How to feed a black hole

Everybody remembers the picture of the hungry black hole swallowing all matter in its vicinity. Not even light has a chance to escape. However, closer inspection reveals that feeding a black hole is far from trivial. Typically, the matter around black holes has organized itself into so-called accretion disks.

And just as the Earth is not falling into the sun, the black hole cannot just scarf up the matter encircling it. Before being swallowed by the black hole, the gas in the disk has to be slowed down in order to weaken the centrifugal forces, which keep the gas rotating. But how does one put the brakes on matter in an accretion disk? Since this problem not only applies to black holes, but also to normal stars, it is of fundamental importance for the formation of cosmic structures.

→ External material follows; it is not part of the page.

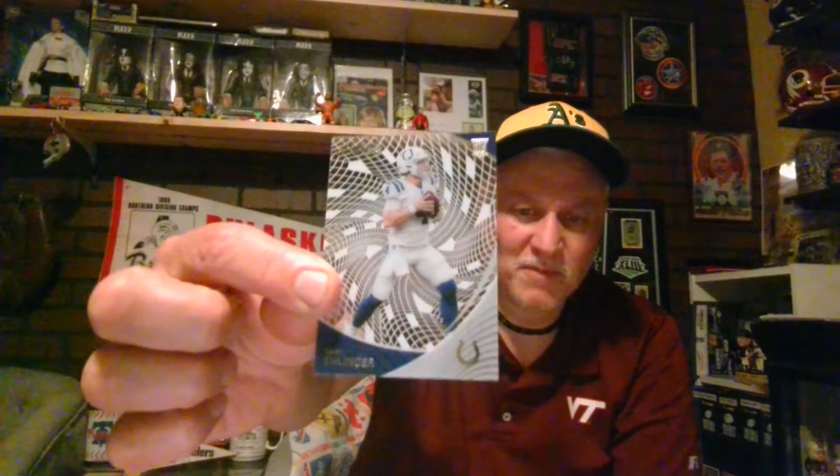Next, I don't know how this player is going to do, but I had to pick this up because I like the clear vision card. He's now the starting quarterback for the Colts under new coach Jeff Saturday. We have Sam Ehlinger — you can see how clear that is, you can see the background right there. That clear card of Sam Ehlinger came from Texas Longhorns. That is a nice card to have.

Balbus and Hawley proposed the solution to this problem in 1991. They showed mathematically that stable rotating flows can be destabilized by external magnetic fields. This effect, now known as magnetorotational instability (MRI), enables sufficient angular momentum transport in accretion disks, which is essential for the mass concentration in stars and black holes.

Laboratory simulation of star formation

For approximately five years, teams throughout the world have tried to create this instability in a laboratory. Two recent papers in the journal “NATURE” (November 16, 2006) underlined the urgent need for an experimental demonstration of MRI by showing evidence that hydrodynamics alone is not capable of producing turbulence in accretion disks. At the Forschungszentrum Dresden-Rossendorf the experiment PROMISE (Potsdam Rossendorf Magnetic InStability Experiment) was set-up and carried out as a joint project between scientists from Dresden and from the Astrophysikalisches Institut Potsdam (AIP). The experimental set-up contains unusual details, such as the use of a simple wastewater tube carrying the coil that produces the vertical magnetic field. Within this tube, there are two co-axial copper cylinders with a two to one ratio in radius. As long as the rotation rate of the outer cylinder is larger than a quarter of the rate of the inner cylinder, the liquid metal flow between them is stable. The flow field is measured with ultrasonic velocity sensors. The interesting point is that this initially stable flow is destabilized by an externally applied spiral magnetic field. For the first time, this experiment allowed the observation of a magnetorotational instability in a laboratory.

The figure shows the measured axial flow as a function of the vertical position and time for three different currents in the coils. In each case, the azimuthal magnetic field is produced by an axial current of 6000 Ampères. In good agreement with numerical simulations, an upward traveling wave is observed only for certain levels of current in the coils. Moreover, the measured frequency of the traveling wave agrees well with the numerical prediction.

The results were published recently in “Physical Review Letters” and “Astrophysical Journal Letters”.